▶ Exercise objective
Omit every picture while you reproduce the entries that follow word for word.

Image-caption web data
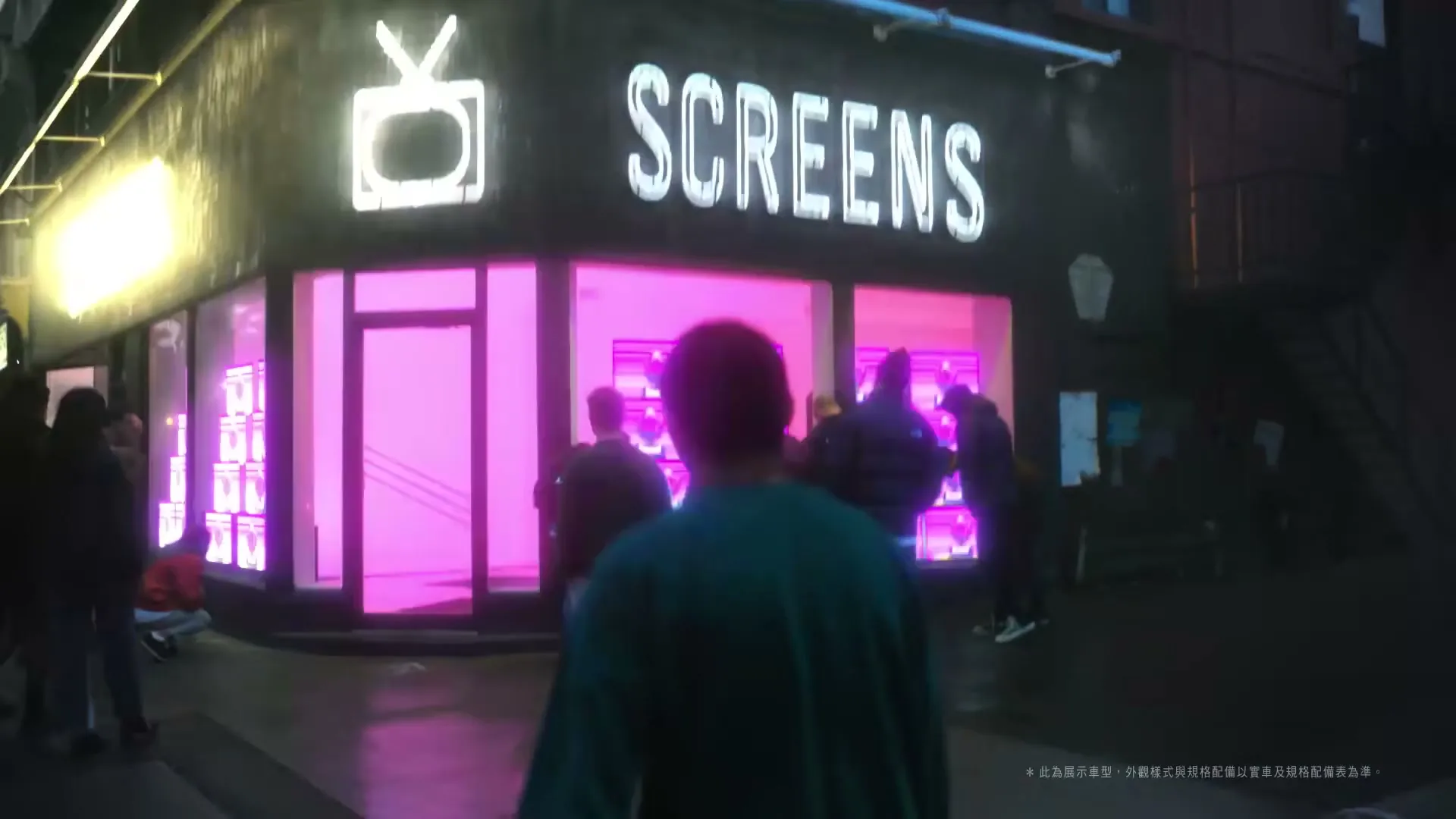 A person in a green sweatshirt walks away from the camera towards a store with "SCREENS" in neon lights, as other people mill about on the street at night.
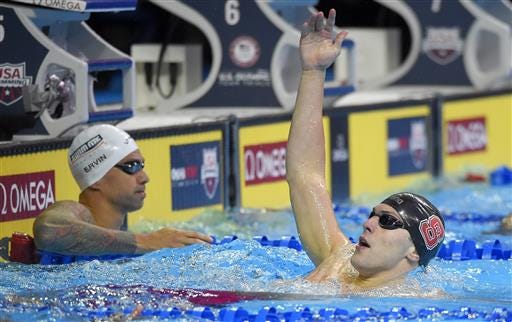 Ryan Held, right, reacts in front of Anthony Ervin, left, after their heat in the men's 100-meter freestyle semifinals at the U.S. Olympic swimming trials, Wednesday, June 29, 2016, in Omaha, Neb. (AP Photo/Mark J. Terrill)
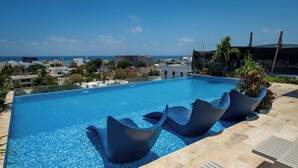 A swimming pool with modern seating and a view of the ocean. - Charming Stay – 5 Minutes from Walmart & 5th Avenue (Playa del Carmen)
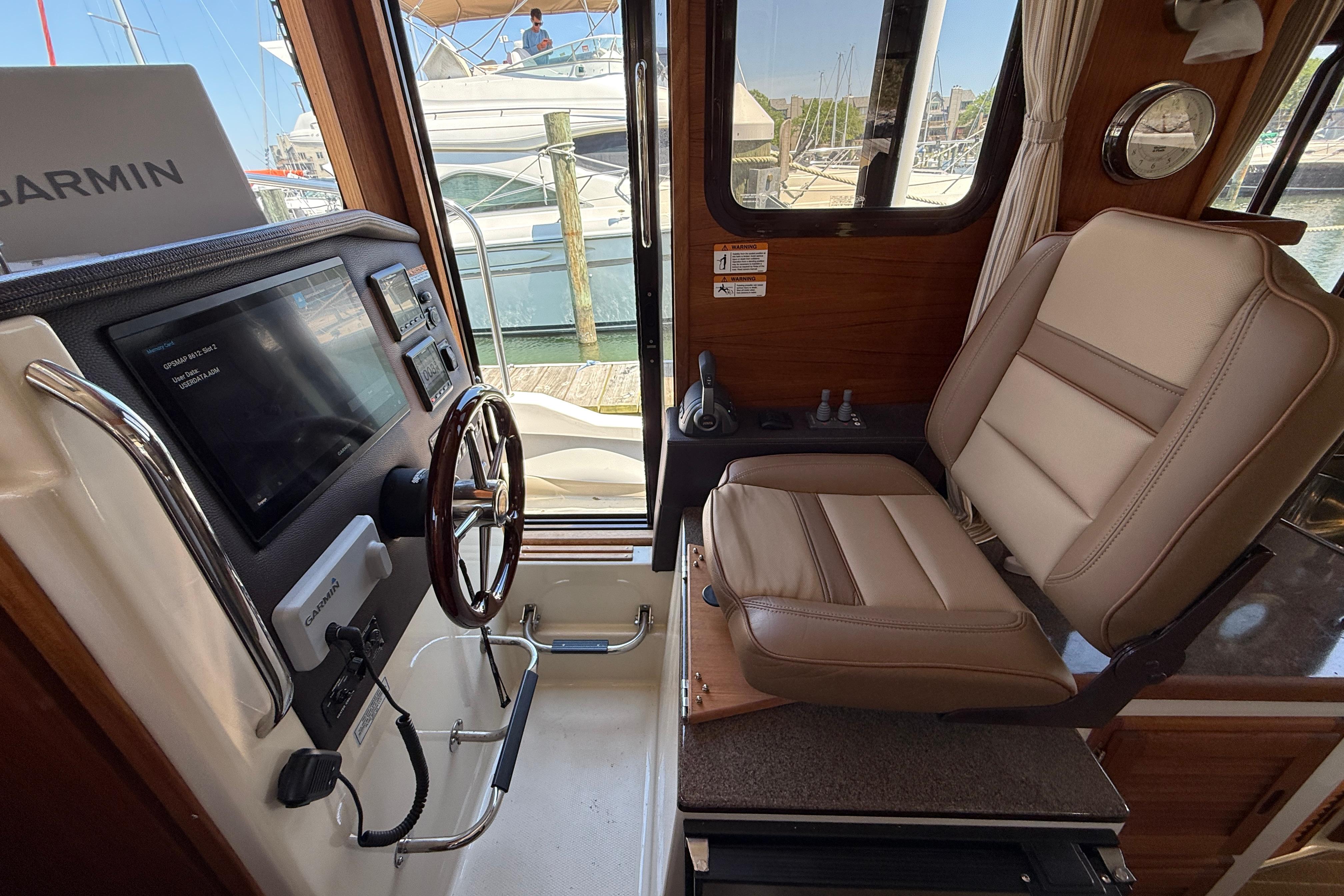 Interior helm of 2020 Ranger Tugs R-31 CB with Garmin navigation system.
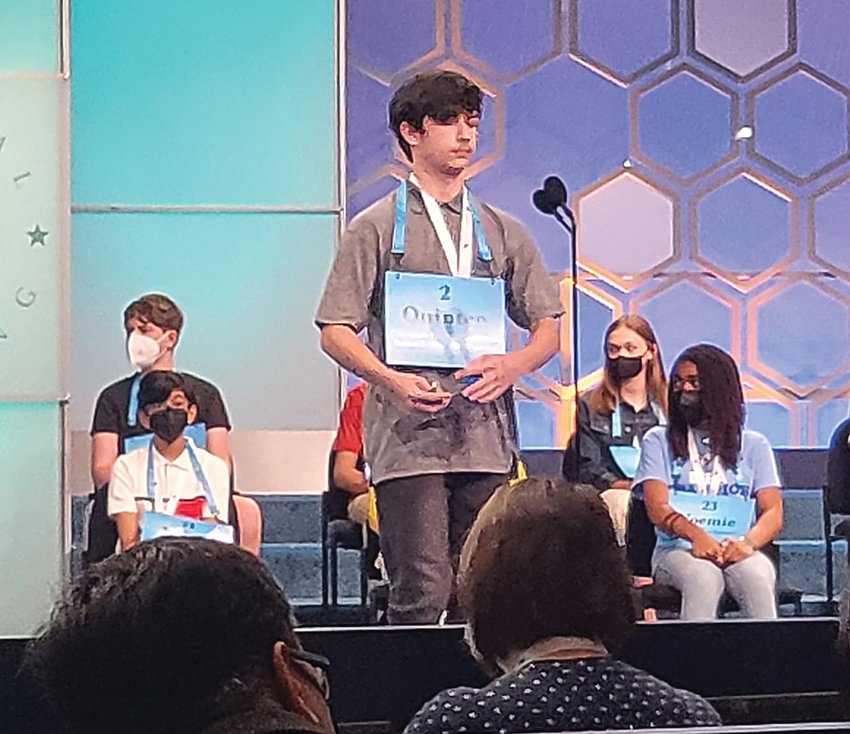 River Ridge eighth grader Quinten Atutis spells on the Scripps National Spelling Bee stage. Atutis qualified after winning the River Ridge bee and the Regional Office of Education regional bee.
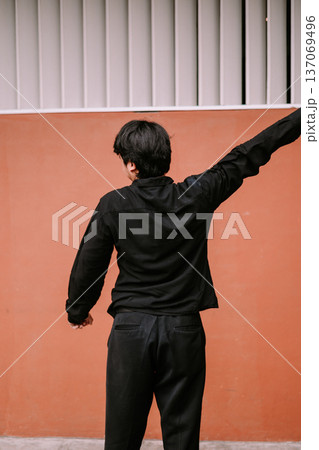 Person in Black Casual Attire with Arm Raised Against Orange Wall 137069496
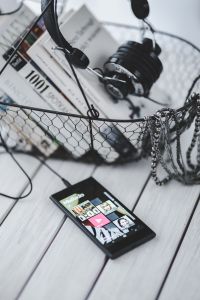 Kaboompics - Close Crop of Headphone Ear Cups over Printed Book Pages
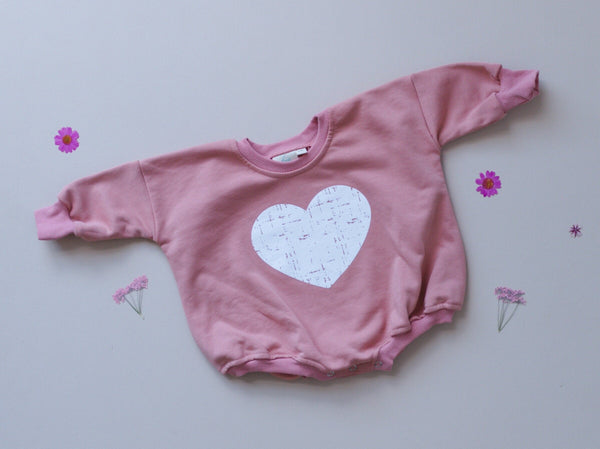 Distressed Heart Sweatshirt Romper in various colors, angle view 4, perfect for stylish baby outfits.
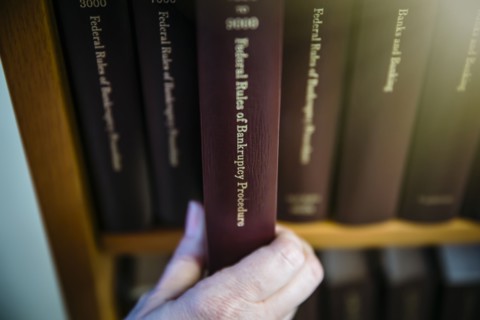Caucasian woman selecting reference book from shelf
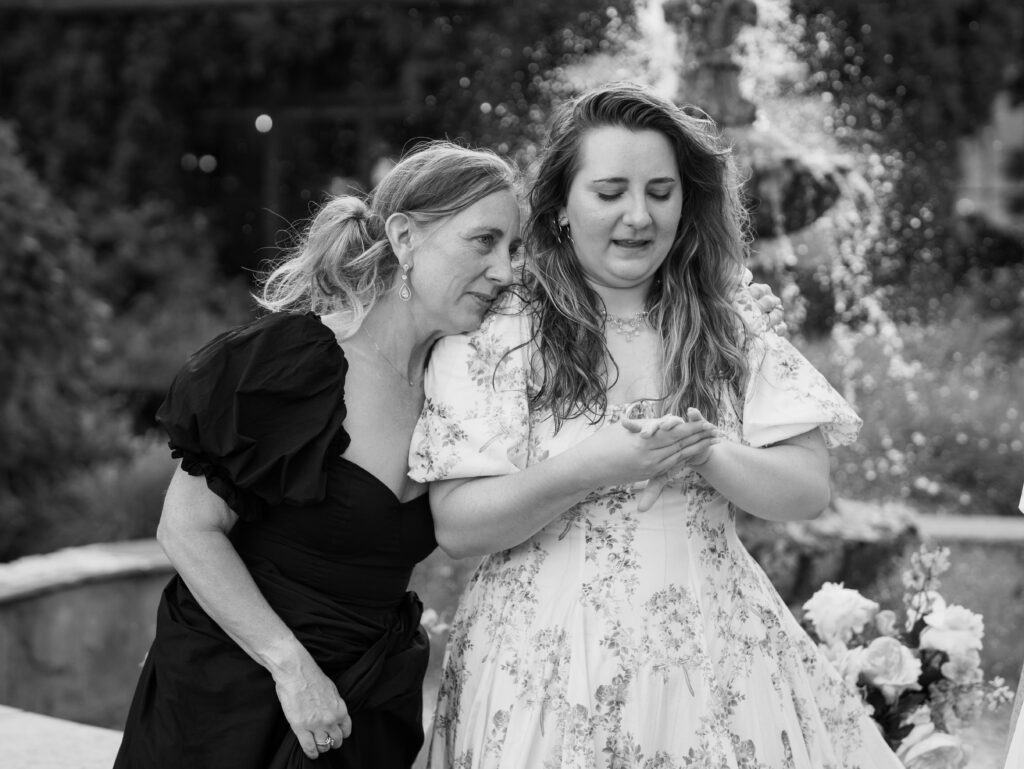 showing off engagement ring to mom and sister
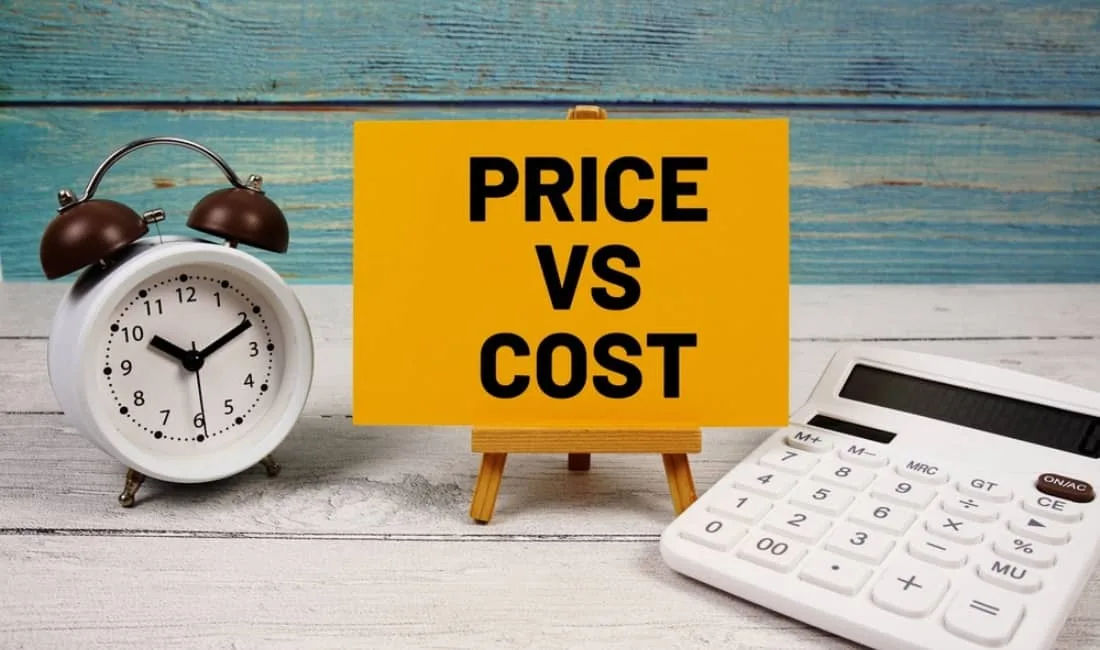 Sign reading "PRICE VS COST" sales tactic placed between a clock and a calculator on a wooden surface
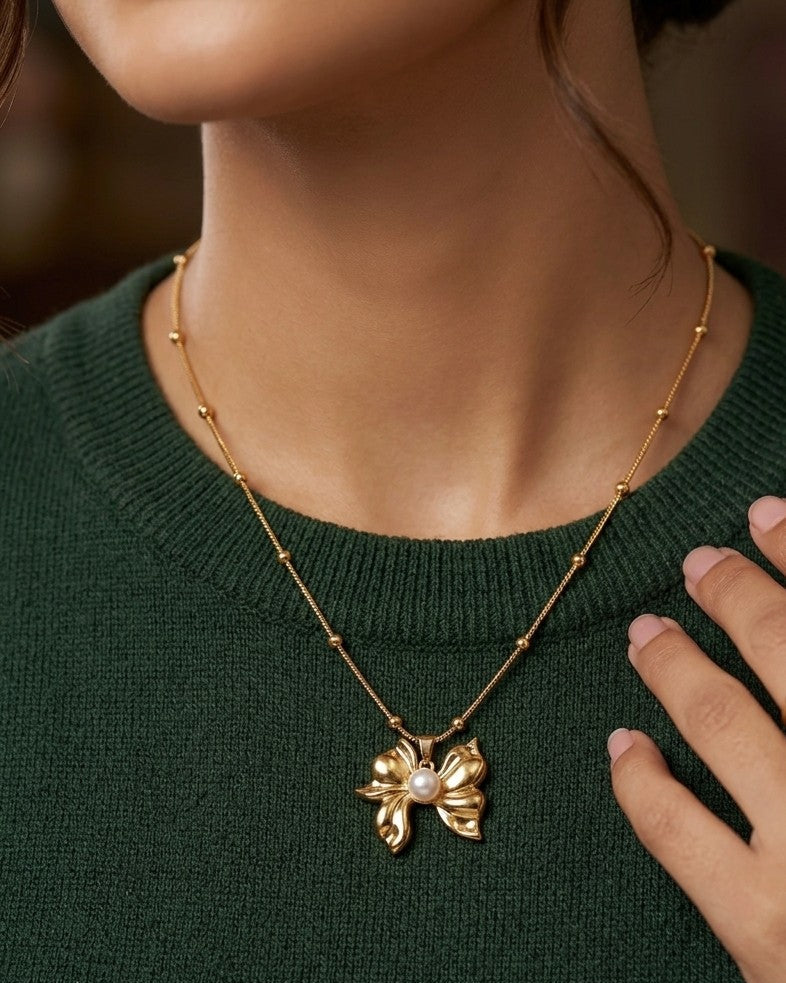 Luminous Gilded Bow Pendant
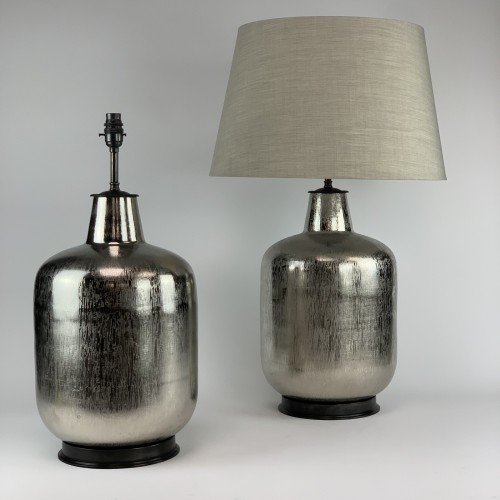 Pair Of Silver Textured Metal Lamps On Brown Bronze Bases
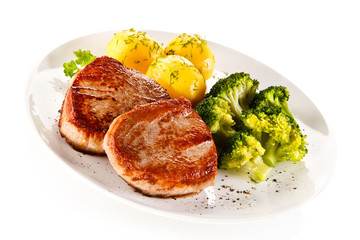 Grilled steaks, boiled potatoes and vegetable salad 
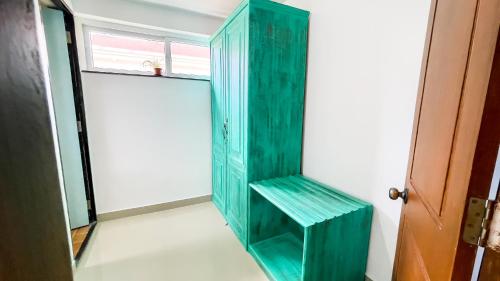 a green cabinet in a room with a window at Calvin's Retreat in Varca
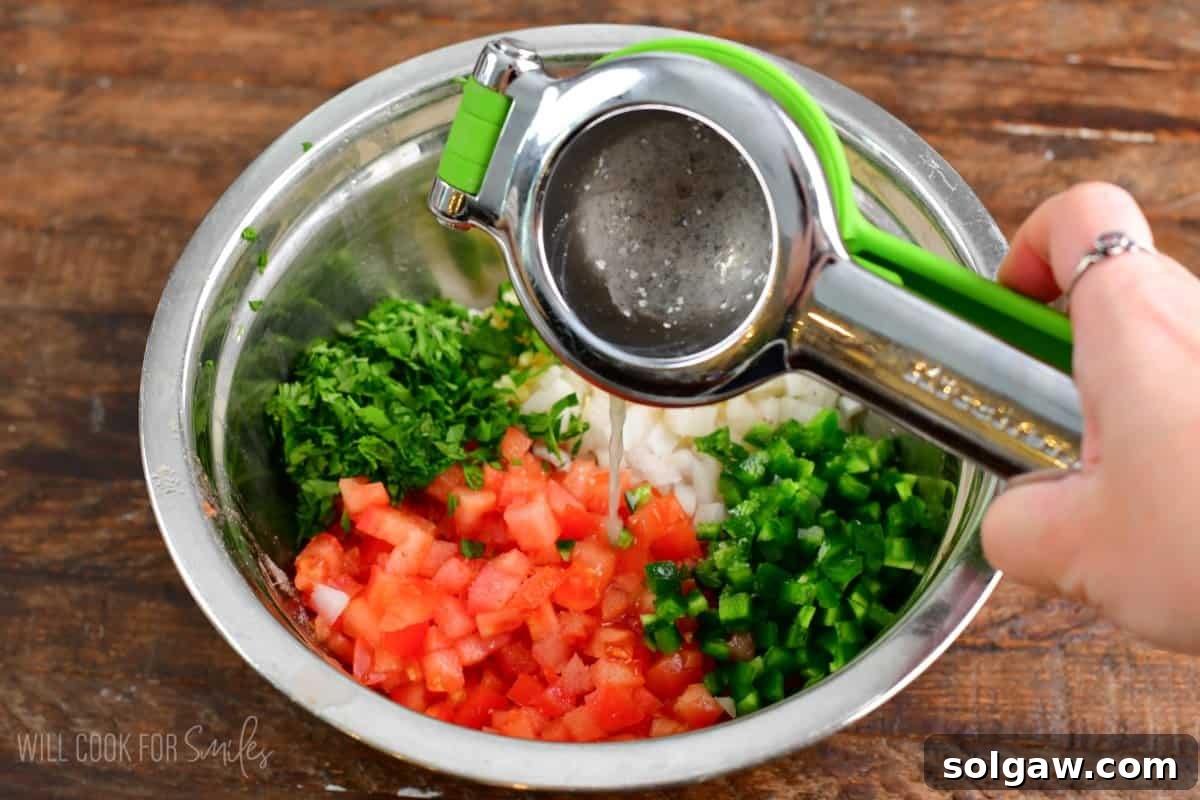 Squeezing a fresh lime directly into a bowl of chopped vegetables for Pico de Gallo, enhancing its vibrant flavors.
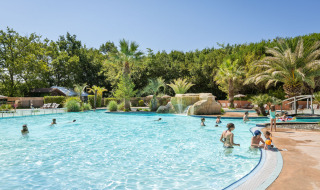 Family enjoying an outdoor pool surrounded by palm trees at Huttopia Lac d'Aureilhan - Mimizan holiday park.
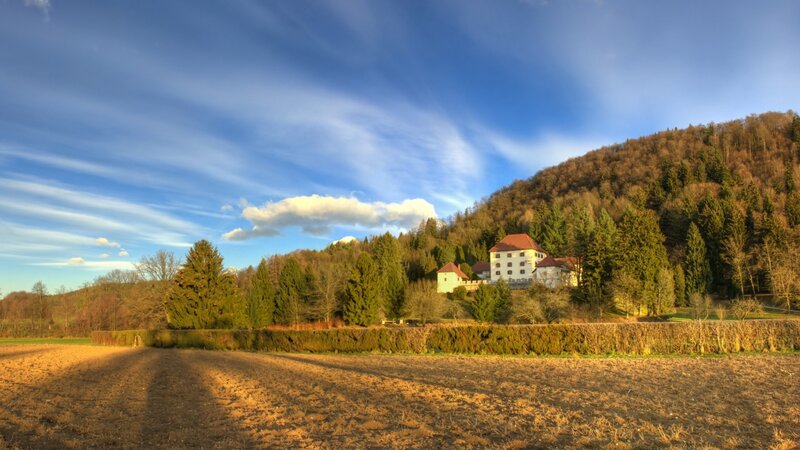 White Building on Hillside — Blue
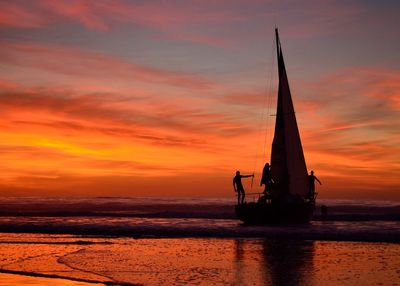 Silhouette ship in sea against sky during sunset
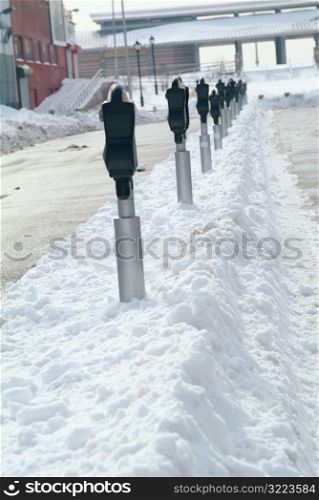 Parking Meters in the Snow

▶ Answer to this problem
 A person in a green sweatshirt walks away from the camera towards a store with "SCREENS" in neon lights, as other people mill about on the street at night.
 Ryan Held, right, reacts in front of Anthony Ervin, left, after their heat in the men's 100-meter freestyle semifinals at the U.S. Olympic swimming trials, Wednesday, June 29, 2016, in Omaha, Neb. (AP Photo/Mark J. Terrill)
 A swimming pool with modern seating and a view of the ocean. - Charming Stay – 5 Minutes from Walmart & 5th Avenue (Playa del Carmen)
 Interior helm of 2020 Ranger Tugs R-31 CB with Garmin navigation system.
 River Ridge eighth grader Quinten Atutis spells on the Scripps National Spelling Bee stage. Atutis qualified after winning the River Ridge bee and the Regional Office of Education regional bee.
 Person in Black Casual Attire with Arm Raised Against Orange Wall 137069496
 Kaboompics - Close Crop of Headphone Ear Cups over Printed Book Pages
 Distressed Heart Sweatshirt Romper in various colors, angle view 4, perfect for stylish baby outfits.
Caucasian woman selecting reference book from shelf
 showing off engagement ring to mom and sister
 Sign reading "PRICE VS COST" sales tactic placed between a clock and a calculator on a wooden surface
 Luminous Gilded Bow Pendant
 Pair Of Silver Textured Metal Lamps On Brown Bronze Bases
 Grilled steaks, boiled potatoes and vegetable salad 
 a green cabinet in a room with a window at Calvin's Retreat in Varca
 Squeezing a fresh lime directly into a bowl of chopped vegetables for Pico de Gallo, enhancing its vibrant flavors.
 Family enjoying an outdoor pool surrounded by palm trees at Huttopia Lac d'Aureilhan - Mimizan holiday park.
 White Building on Hillside — Blue
 Silhouette ship in sea against sky during sunset
 Parking Meters in the Snow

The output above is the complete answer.